A series of attacks on REDD+ projects by some NGOs and journalists has emerged in recent years, as the market for voluntary carbon credits has grown. The tactic of aggressively undermining the integrity of REDD+ projects is being used, with the apparent goal of discrediting the growing voluntary carbon market.

Good journalism has an important role to play in exposing greenwashing and pressuring corporations and governments to do more to protect nature and limit greenhouse gas emissions. Moreover, it is essential that projects with weak additionality or inflated carbon assessments are called out. 

But journalist who unwittingly or knowingly spread misinformation about projects that are demonstrably having a positive impact are standing in the way of vital efforts to tackle the climate crisis. 

As a company that is working to protect as much tropical forest as possible, Permian Global has experienced this several times. On each occasion, our team will go to lengths to answer the questions in full and provide data and context for the journalist. Yet too often the journalist will ignore the evidence and instead print a false narrative, typically to criticise a corporation for having bought credits from one of our projects. 

Below is the latest example from the Tokyo-based financial newspaper, NIKKEI. 

Permian Global response to NIKKEI article Indonesian carbon credit project appears to betray its purpose

Permian Global completely rejects the accusations of impropriety made against the Katingan Mentaya Project in the NIKKEI article Indonesian carbon credit project appears to betray its purpose, published 13 December 2021. 

The project has been designed using robust science and a conservative baseline to measure the avoided emissions. Moreover, the methodologies used by the project, and the third-party auditors, are thorough, transparent and publicly available for anyone to review.

The article demonstrates a poor understanding of forest conservation and carbon assessments, while containing many statements that are simply untrue. We have highlighted these errors in our analysis below. 

Permian Global and its partners spent many months in contact with the NIKKEI journalist, providing detailed responses to questions relating to the project. The journalist made it clear that they were sceptical of the project from the beginning. As soon as one accusation was refuted, the journalist would switch to a different line of questioning, making it clear that the overall objective was to undermine the project, without any basis for their arguments.

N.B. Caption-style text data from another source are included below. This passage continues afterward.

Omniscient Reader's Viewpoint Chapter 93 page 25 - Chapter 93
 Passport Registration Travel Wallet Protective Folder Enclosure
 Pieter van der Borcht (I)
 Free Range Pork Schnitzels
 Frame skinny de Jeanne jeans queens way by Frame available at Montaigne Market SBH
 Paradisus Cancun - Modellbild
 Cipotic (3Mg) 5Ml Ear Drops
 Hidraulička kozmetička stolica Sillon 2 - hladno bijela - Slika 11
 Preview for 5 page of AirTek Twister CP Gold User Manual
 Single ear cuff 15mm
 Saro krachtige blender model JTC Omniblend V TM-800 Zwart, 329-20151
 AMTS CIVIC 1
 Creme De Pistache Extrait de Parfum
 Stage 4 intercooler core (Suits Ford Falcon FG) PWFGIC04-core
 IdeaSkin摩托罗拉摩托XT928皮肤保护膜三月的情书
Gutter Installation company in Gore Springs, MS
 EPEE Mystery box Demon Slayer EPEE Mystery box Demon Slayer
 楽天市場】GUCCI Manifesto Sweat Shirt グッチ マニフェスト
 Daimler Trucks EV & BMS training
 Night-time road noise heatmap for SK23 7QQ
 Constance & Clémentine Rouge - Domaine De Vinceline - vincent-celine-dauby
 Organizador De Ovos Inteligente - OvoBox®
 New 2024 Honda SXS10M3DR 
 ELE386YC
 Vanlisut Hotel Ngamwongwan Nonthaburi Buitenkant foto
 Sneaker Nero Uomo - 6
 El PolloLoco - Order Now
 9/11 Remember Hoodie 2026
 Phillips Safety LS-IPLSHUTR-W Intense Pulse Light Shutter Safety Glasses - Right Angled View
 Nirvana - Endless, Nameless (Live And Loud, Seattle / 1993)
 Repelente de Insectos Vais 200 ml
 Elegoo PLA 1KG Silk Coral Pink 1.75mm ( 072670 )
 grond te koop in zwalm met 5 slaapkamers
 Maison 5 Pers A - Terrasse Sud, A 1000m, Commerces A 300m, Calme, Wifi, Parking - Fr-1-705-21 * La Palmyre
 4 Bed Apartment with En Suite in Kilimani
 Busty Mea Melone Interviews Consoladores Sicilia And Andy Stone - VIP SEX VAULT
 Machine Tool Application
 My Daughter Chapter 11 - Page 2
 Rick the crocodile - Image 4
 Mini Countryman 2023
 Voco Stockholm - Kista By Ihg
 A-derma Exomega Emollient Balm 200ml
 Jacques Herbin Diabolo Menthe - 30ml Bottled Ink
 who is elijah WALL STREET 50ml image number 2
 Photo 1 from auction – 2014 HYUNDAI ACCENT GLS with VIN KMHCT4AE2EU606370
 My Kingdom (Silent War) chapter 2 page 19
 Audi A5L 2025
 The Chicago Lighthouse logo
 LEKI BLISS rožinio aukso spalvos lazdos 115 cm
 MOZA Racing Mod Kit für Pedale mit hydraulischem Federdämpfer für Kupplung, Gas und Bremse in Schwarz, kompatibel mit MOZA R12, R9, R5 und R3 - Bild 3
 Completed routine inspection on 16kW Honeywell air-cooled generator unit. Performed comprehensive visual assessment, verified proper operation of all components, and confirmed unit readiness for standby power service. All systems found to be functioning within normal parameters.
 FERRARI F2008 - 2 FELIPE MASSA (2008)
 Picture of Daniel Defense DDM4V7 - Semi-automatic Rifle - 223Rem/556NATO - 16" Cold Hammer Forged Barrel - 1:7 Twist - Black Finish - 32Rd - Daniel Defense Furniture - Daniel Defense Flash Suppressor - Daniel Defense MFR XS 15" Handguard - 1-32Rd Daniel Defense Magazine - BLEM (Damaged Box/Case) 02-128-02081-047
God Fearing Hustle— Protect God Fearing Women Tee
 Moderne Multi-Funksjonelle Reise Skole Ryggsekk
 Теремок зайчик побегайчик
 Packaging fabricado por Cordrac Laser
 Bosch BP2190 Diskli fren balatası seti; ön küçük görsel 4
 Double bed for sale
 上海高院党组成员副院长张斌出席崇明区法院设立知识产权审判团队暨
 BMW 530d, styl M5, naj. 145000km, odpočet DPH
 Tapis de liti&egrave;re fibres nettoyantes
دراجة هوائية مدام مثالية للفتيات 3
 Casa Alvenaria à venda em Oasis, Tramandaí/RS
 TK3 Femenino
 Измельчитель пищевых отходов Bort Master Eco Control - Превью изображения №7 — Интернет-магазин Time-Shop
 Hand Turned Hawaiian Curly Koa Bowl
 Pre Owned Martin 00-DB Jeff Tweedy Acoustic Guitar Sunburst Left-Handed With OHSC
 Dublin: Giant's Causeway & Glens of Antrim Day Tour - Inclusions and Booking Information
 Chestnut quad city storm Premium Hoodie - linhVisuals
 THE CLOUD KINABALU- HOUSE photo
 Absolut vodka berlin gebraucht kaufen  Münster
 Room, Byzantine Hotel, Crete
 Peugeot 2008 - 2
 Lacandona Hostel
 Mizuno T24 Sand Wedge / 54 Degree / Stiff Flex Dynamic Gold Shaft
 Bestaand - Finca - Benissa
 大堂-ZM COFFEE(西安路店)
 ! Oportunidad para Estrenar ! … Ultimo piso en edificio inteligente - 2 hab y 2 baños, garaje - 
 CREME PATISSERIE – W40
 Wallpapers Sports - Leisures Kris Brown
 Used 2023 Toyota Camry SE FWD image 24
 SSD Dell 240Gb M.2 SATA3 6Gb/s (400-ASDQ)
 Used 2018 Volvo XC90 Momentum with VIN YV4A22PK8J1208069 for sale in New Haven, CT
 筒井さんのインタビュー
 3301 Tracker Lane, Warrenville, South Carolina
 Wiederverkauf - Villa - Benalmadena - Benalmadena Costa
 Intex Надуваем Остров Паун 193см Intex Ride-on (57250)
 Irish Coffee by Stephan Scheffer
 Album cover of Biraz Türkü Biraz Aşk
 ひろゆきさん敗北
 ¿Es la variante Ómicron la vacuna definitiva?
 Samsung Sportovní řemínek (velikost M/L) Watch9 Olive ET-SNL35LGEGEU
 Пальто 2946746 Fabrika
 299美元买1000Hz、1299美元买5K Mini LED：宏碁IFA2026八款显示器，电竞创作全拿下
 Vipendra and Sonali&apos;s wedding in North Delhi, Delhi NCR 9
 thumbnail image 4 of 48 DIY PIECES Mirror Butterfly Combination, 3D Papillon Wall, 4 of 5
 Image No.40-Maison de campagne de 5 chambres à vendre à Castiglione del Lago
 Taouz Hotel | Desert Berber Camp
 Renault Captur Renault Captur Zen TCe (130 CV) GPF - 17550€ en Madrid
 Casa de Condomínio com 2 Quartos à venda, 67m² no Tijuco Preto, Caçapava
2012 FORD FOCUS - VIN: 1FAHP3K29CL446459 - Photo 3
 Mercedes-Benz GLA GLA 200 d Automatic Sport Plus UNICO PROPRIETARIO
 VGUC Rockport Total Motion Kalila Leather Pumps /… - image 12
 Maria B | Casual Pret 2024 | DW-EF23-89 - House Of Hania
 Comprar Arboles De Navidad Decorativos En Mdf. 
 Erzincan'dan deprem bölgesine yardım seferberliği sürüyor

Impact of the moratorium on the Katingan Mentaya Project additionality 

A point-by-point analysis of the article is included below, but first it is important to address the central argument of the article, which is that the “possibility of plantation development has been almost fully eliminated by the moratorium. Now, one-third of the project’s anti-deforestation efforts are redundant.” This statement is completely untrue and recklessly naïve.

For context, to create an accurate baseline assessment, the Katingan Mentaya Project had to take the following steps:

  • Perform an analysis of the historic patterns of deforestation and forest degradation across Indonesia; assess industrial activities on comparable sites; and compare the data with the commercial and legal viability of land conversion activities being established on the Katingan Mentaya Project site
  • By assessing the historic trends, conversion to industrial acacia plantations was deemed the most likely and probable outcome for the site, consistent with the zoning by the Government of Indonesia
  • Data was gathered for comparable proxy sites that had undergone conversion to industrial acacia plantation – this was done to assess the patterns of deforestation and the carbon emissions that were generated through this activity (n.b. proxy sites were selected based on similarity to the project site in terms of geographical, biophysical, and socioeconomic conditions)
  • This research concluded that at least three industrial acacia plantation concession applications would have been made for the project site, if the Katingan Mentaya Project had not intervened with its own application in 2007
  • Indeed, one industrial acacia plantation company did apply for a concession license on the site in 2008, but was blocked by the Katingan Mentaya Project’s pending application, and which prevented further applications from plantation companies
  • The complete baseline scenario process can be reviewed in the Katingan Mentaya Project’s Project Design Document, which is publicly available via the VCS Registry (see Sub-section 4.5. for Baseline Scenarios and Additionality)


For a forest project to demonstrate credible additionality, it must show that there were tangible threats to the forest of deforestation and/or degradation and it must act to secure the concession before those risks becomes a reality and deforestation occurs. 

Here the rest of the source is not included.